**WHAT YOU ARE ASKED TO DO:** Find the line below with "If we did have" and the line with "On the right-hand". Output them and the lines between, exactly, but not the pictures.

(Dataset records)
--- START ---

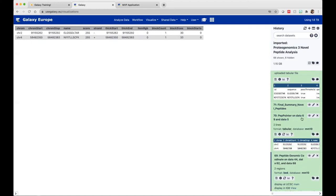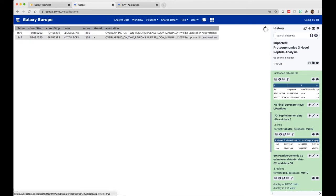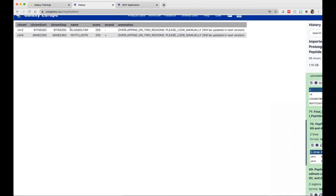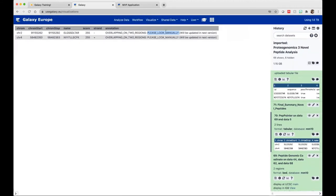Now we have more information regarding the peptide. If I click on the PepPointer tool output, it gives me information regarding the peptide again with its annotation. It's telling me that the peptide ELGSSTLTAR is on chromosome two and it's overlapping on two regions, but it wants us to look manually — by looking manually, it means using the MVP's IGV browser. We will be updating this in the next version so it will tell you every detail about the peptide.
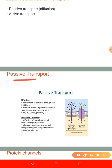Passive transport can either be simple diffusion through the lipid bilayer — lipid soluble substances like oxygen, carbon dioxide, and alcohol can easily diffuse through the lipid bilayer — or simple diffusion through the protein channel. Substances that diffuse through protein channels include sodium ions, which diffuse through sodium channels, and chloride ions, which diffuse through chloride channels.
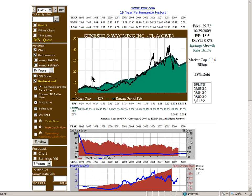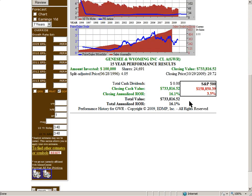My third choice — I thought I'd show a railroad to dispel any myths — this is Genesee & Wyoming, which actually has an international railroad. The bottom line is they're a 16% grower. They pay no dividend, but you can see how the stock price tracked earnings growth. Like everything else they had some problems recently in the recession, but shareholders ended up with a 16.1% compounded rate of return with no dividend.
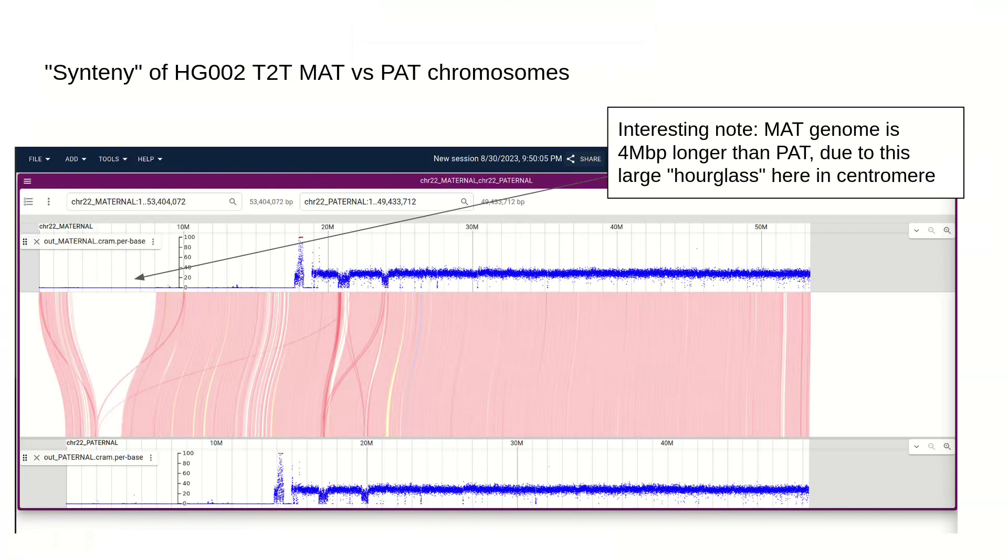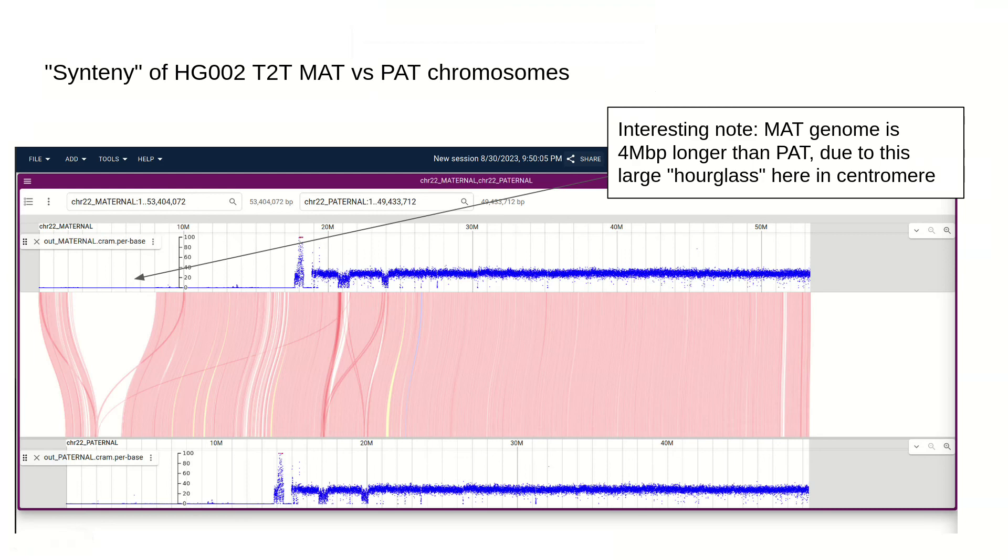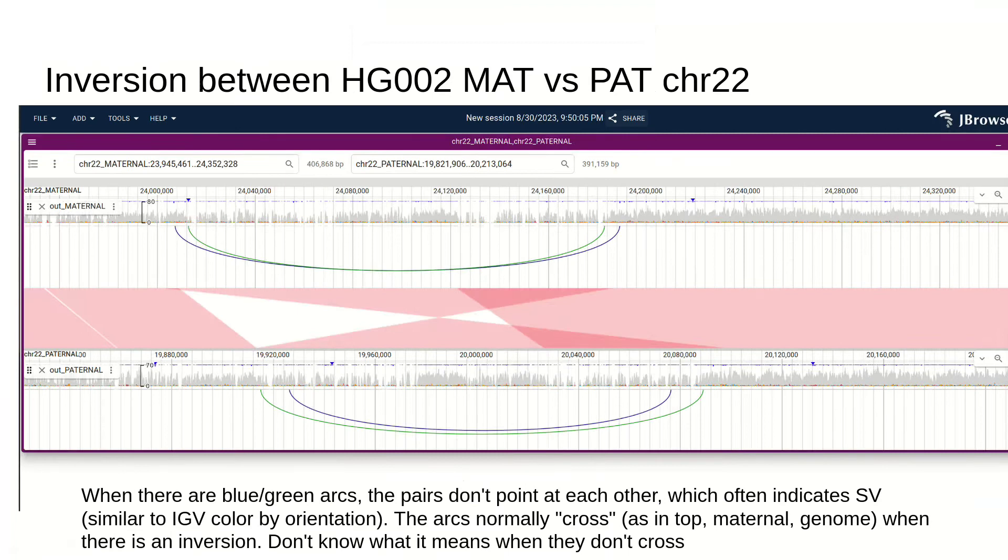This is continuing in the maternal versus paternal investigation. There's a large inversion between these two genomes, the maternal on top and the paternal on the bottom. And again, this blue and green paired-end read pattern gives us evidence for the inversion.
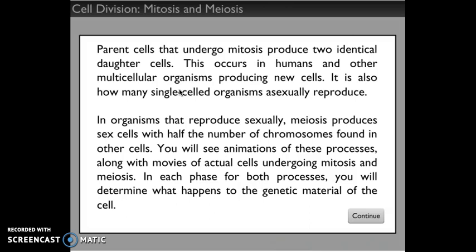Asexually reproducing organisms don't need to make eggs and sperm — they just clone themselves and their offspring are exactly the same, which is kind of boring but great because it's quick and easy. In organisms that reproduce sexually, like most animals, meiosis produces sex cells with half the number of chromosomes found in other cells, because an egg cell and a sperm cell get together and then they have the right number.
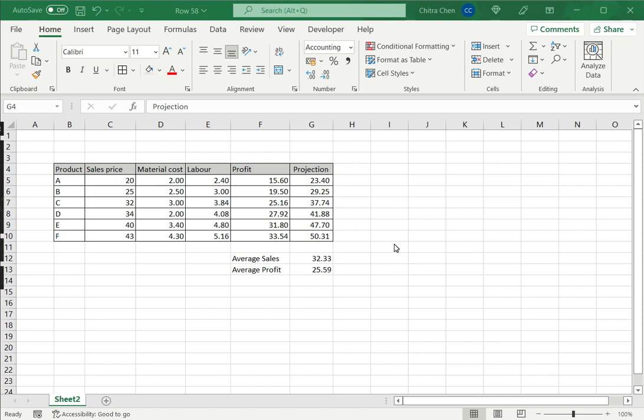Excel is popular because of its spreadsheet format made up of rows and columns, the intersections of which are called cells.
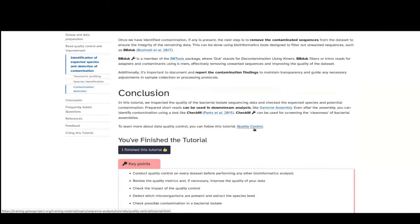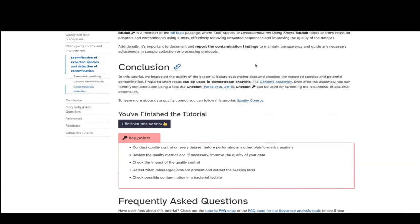If we did have any contamination, we would need to remove those contaminating sequences using tools like BBDuk — which stands for decontamination using k-mers — which you can find in Galaxy. But for this tutorial, you can use the FastP trimmed reads to assemble the genome. In conclusion, we inspected the quality of the sequencing data and checked for species contamination. We prepared trimmed reads to be used in other analyses like genome assembly. Even after assembly, you can check for possible contamination using the CheckM tool, which is also accessible in Galaxy.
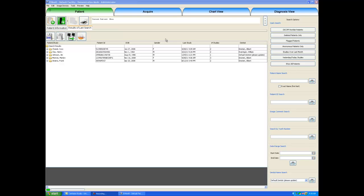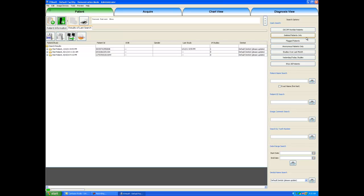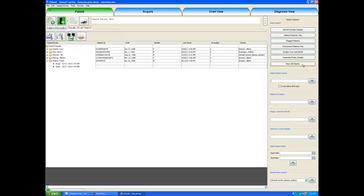On the right-hand side of the patient tab, we have our search options. For example, in the quick search field, these buttons here, I could click on yesterday today studies to see which x-rays I had taken yesterday or today, or I could click on deleted patients to see which patients I have historically deleted. I will click on show all patients, and that will show me every patient in our database.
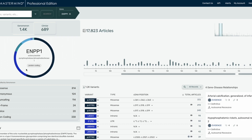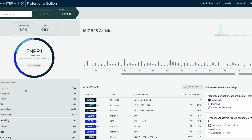On the left-hand side, the new variant circle graph shows you the total number of variants in Mastermind and the total number of variants submitted to ClinVar for that gene you've searched. Below the circle graph, we show a color-coded breakdown of variants by type. Within each variant type, we also show a breakdown by classification which you can view by clicking on the variant type. All Mastermind users can view the total number of variants by type and classification breakdowns for some genes, while Pro users will be able to see the type and classification breakdowns for all genes.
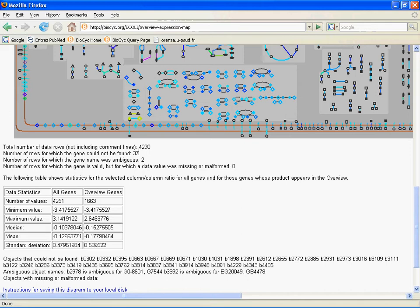Then the number of rows for which the gene name was ambiguous, 2. That means it could match it to more than one object and it couldn't figure that out. Number of rows for which the gene is valid but for which a data value was missing or malformed. Now, this is an important one. We have it at zero because we entered stuff correctly.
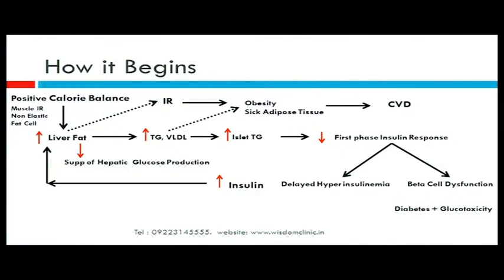Starting with a positive calorie balance in the presence of muscle insulin resistance and non-elastic or sick fat cells, you get increased liver fat. This causes increased triglycerides which spill over and drive a cascade of diabetes. It also suppresses hepatic glucose production, leading to hyperinsulinemia, which promotes further liver fat — a continuing cycle. In a nutshell, it produces liver insulin resistance and, as fat cells keep expanding, sick adipose tissue leading to cardiovascular disorders.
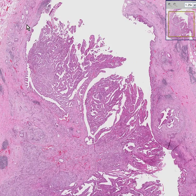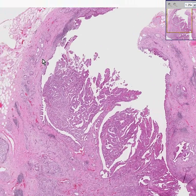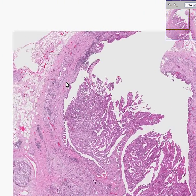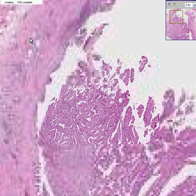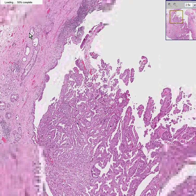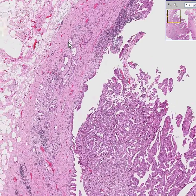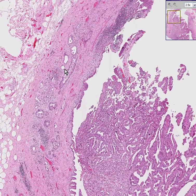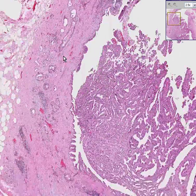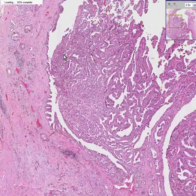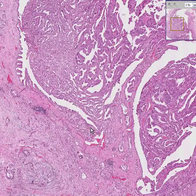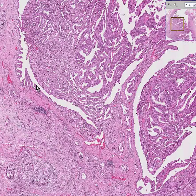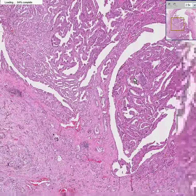It looks like it could be a common bile duct, and maybe that's why they named it common bile duct. The reason why this is a rare thing is because we are privileged to see that on the inside of this duct, apparently originating from the mucosa of this duct, is a large tumor.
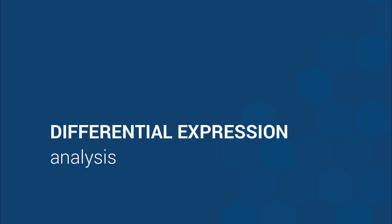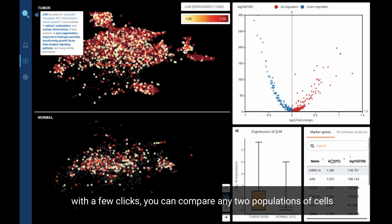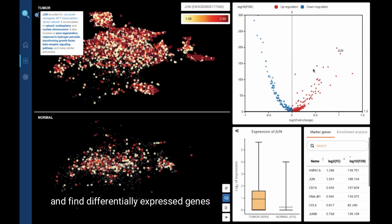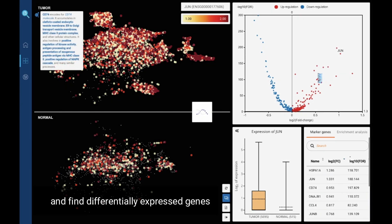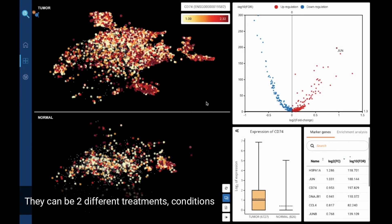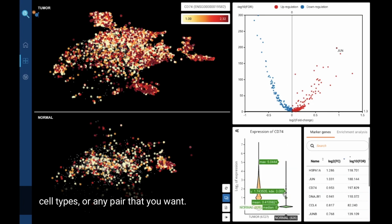Find differentially expressed genes. With a few clicks, you can compare any two populations of cells and find differentially expressed genes. They can be two different treatments, conditions, cell types, or any pair that you want.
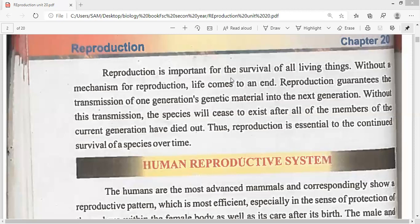Reproduction actually ancestors ki genes ko transfer kerti hai descendants mein. Ancestors jo hai, wo apni jo bhi aadat hai, wo transfer kerti hai apni next generation ko. Without this transmission, the species will cease to exist after all members of the current generation have died out. Thus reproduction is essential and important for the survival of the species.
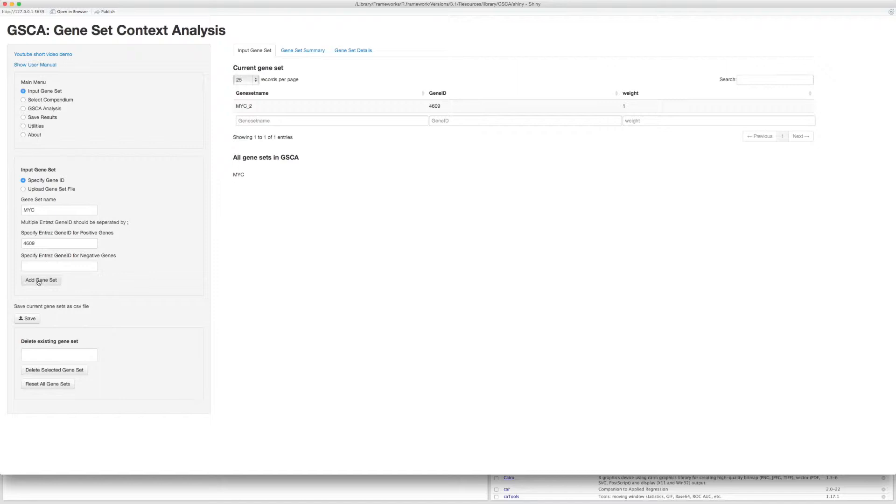Now let's input the target genes of MYC. Because there are many target genes for MYC, it is inconvenient to type in the Entrez gene ID one by one. So we upload the gene set file which has already been prepared.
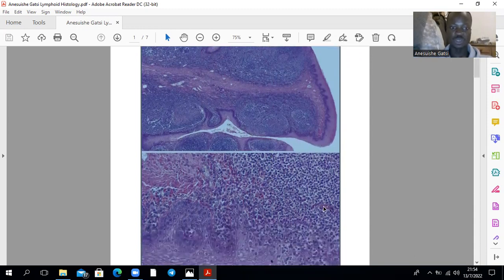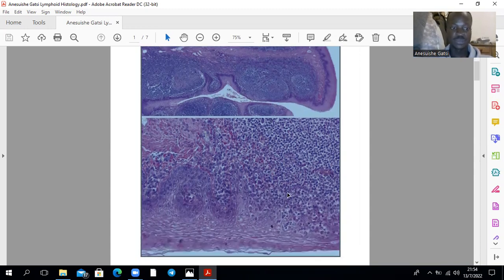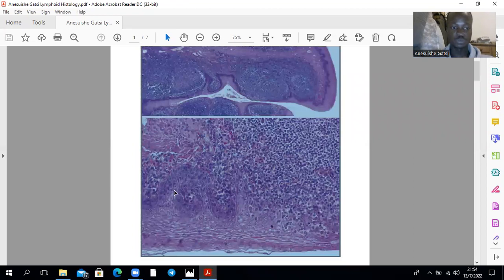Those are epithelial cells — that's a magnification showing epithelial cells. You can appreciate that this region here is a lymphoid nodule. That is simply a magnification of the tissue.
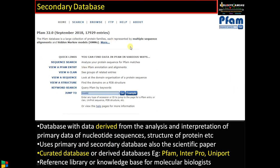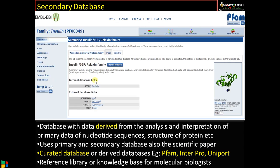Now let's take an example to understand secondary database. This is a secondary database — this is Protein Family, or PFAM. A secondary database, as the term indicates, is a database in which the data is derived from the analysis and interpretation of primary database data — nucleotide sequences, protein structures, etc. I have typed 'insulin' in the PFAM search box, clicked go, and got a result page like this.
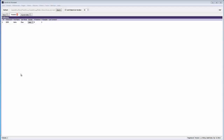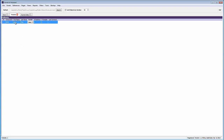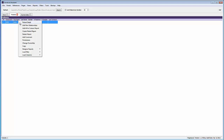Once the report template is created, you can very quickly create the report for any patient by selecting the patient from the list of patients, right clicking and choosing designer reports, and then selecting the appropriate report template. The report will be saved in PDF format.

--- END ---

**SOLUTION TO THIS PROBLEM:**
If we did have any contamination, we would need to remove those contaminating sequences using tools like BBDuk — which stands for decontamination using k-mers — which you can find in Galaxy. But for this tutorial, you can use the FastP trimmed reads to assemble the genome. In conclusion, we inspected the quality of the sequencing data and checked for species contamination. We prepared trimmed reads to be used in other analyses like genome assembly. Even after assembly, you can check for possible contamination using the CheckM tool, which is also accessible in Galaxy.
On the right-hand side of the patient tab, we have our search options. For example, in the quick search field, these buttons here, I could click on yesterday today studies to see which x-rays I had taken yesterday or today, or I could click on deleted patients to see which patients I have historically deleted. I will click on show all patients, and that will show me every patient in our database.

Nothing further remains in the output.